YOUR INSTRUCTIONS → Exclude the pictures and transcribe the rest of the data below exactly.

DATASET CONTENT →
□ □ □ □

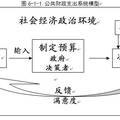 公民優(yōu)先視角下的公共支出滿意度與需求--基于四地城市的公民調(diào)查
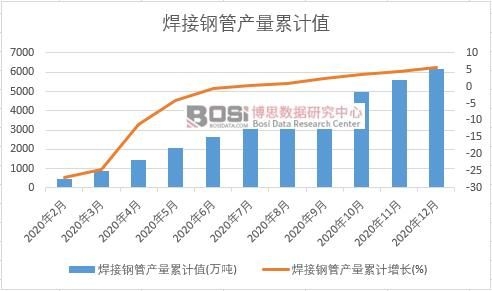 ����䓹ܮa����Ӌ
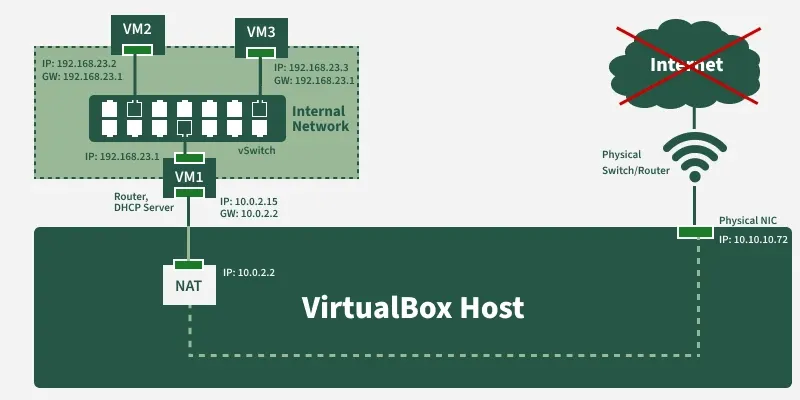 How to Pick the Right Network Adapter - GeeksforGeeks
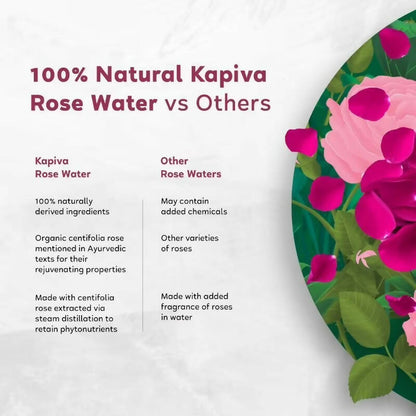 Kapiva Ayurveda Skin Rituals Rose Water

□ □ □ □

RESULT FOR THIS EXERCISE →
 公民優(yōu)先視角下的公共支出滿意度與需求--基于四地城市的公民調(diào)查
 ����䓹ܮa����Ӌ
 How to Pick the Right Network Adapter - GeeksforGeeks
 Kapiva Ayurveda Skin Rituals Rose Water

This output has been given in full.